Below are entries with pictures in them. Output exactly the lines starting at the line with "Injune Motor Inn エクステリア 写真" and ending at the line with "CIVIC TOURING CVT", both included, but not the pictures.
#### INPUT MATERIAL ####
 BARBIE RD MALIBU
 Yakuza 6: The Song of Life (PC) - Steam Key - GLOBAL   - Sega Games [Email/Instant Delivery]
####
#### INPUT MATERIAL ####
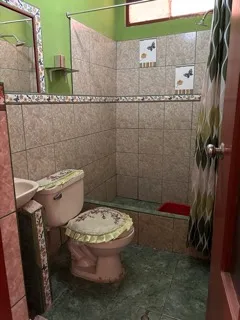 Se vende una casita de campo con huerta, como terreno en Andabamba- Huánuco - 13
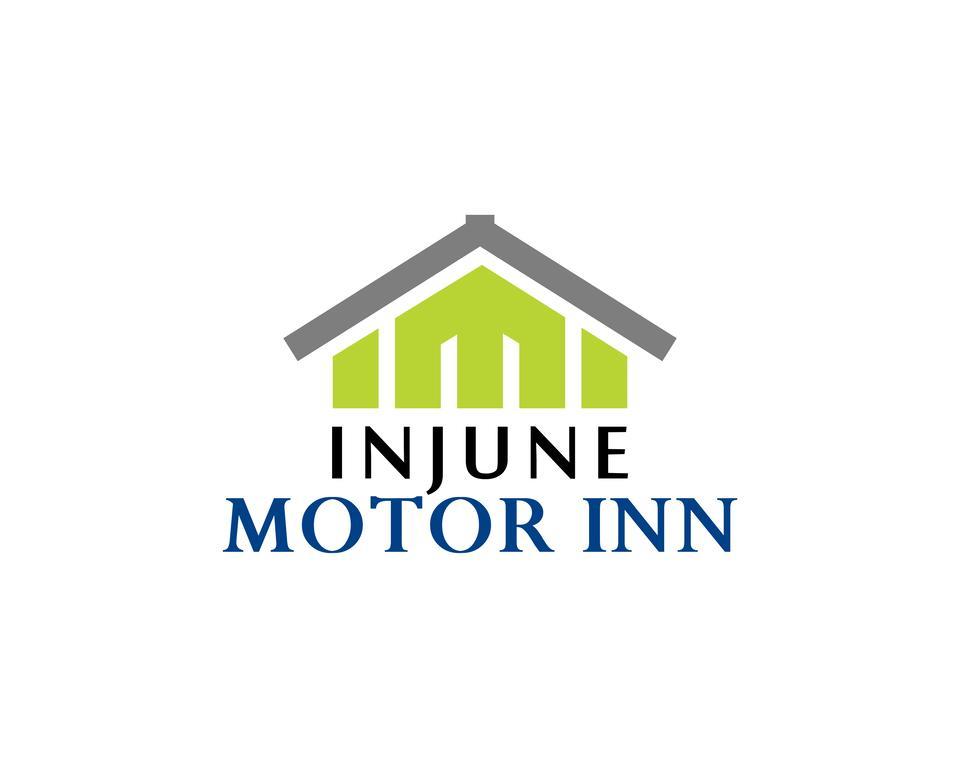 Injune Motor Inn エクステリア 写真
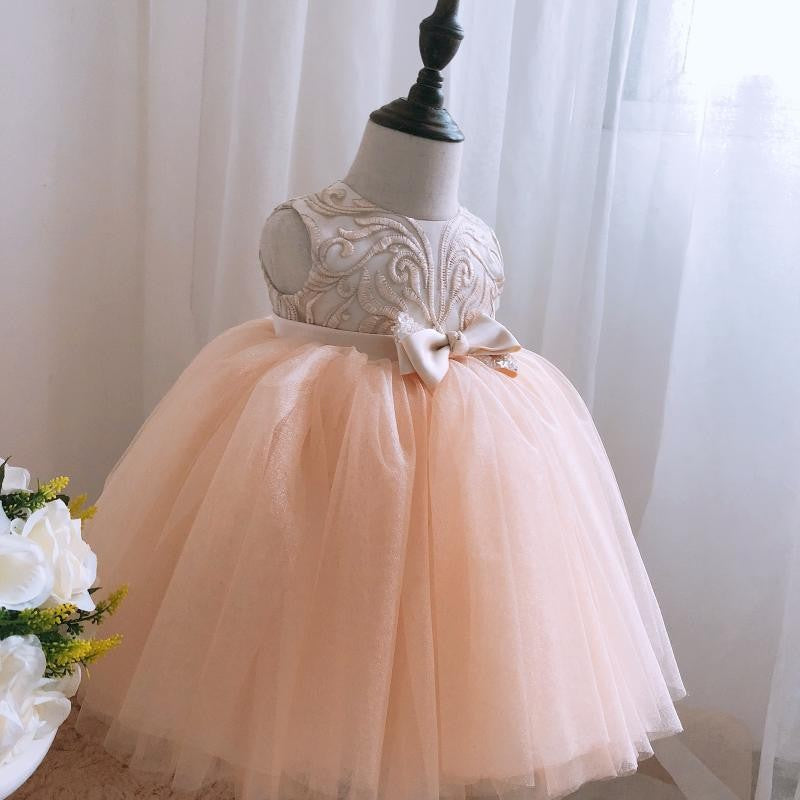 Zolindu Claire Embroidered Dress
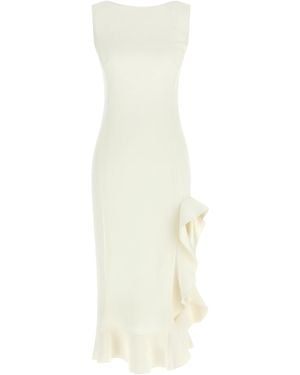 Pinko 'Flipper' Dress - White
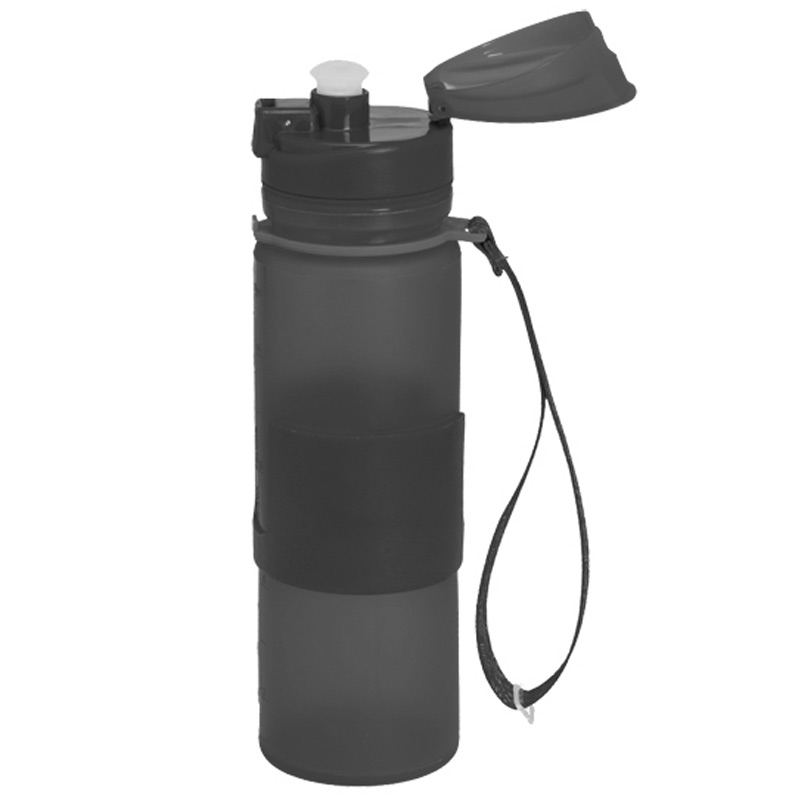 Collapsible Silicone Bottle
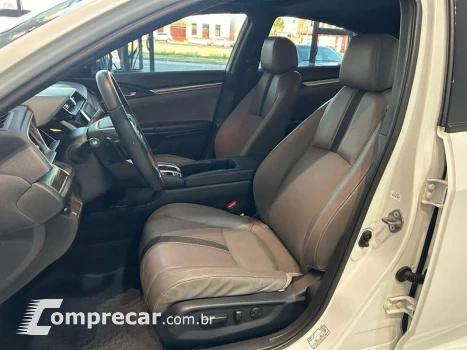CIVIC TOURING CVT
####
#### INPUT MATERIAL ####
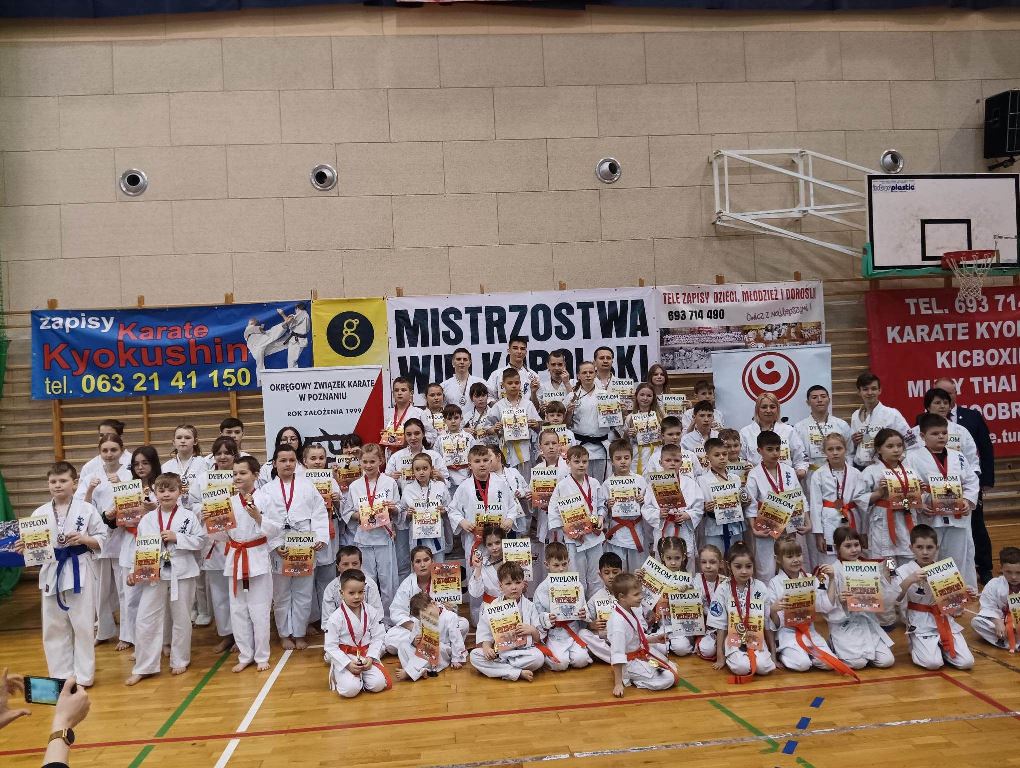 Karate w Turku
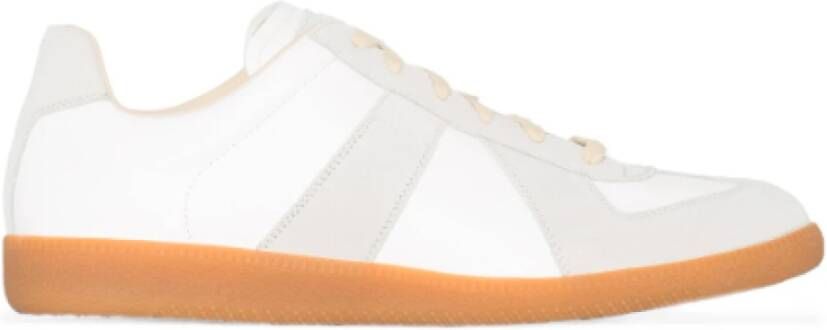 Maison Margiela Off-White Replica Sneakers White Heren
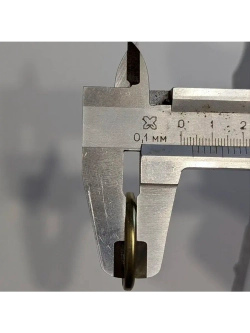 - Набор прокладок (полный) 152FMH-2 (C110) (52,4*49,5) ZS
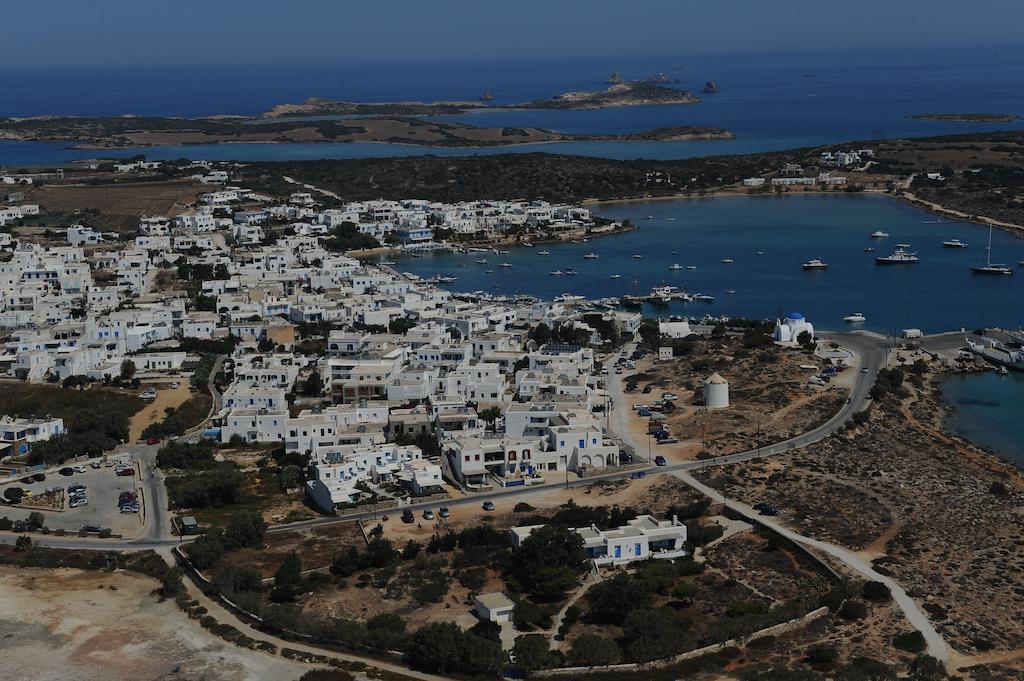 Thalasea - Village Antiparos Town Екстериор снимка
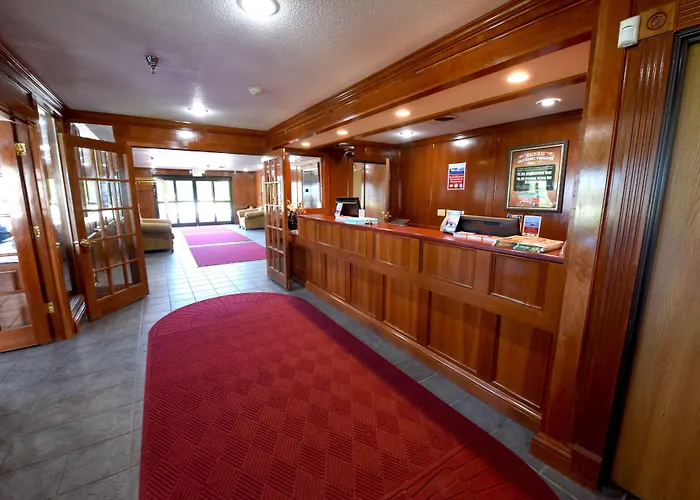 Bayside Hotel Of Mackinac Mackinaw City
####
▶ _REPLY TO THE TASK_
 Injune Motor Inn エクステリア 写真
 Zolindu Claire Embroidered Dress
 Pinko 'Flipper' Dress - White
 Collapsible Silicone Bottle
CIVIC TOURING CVT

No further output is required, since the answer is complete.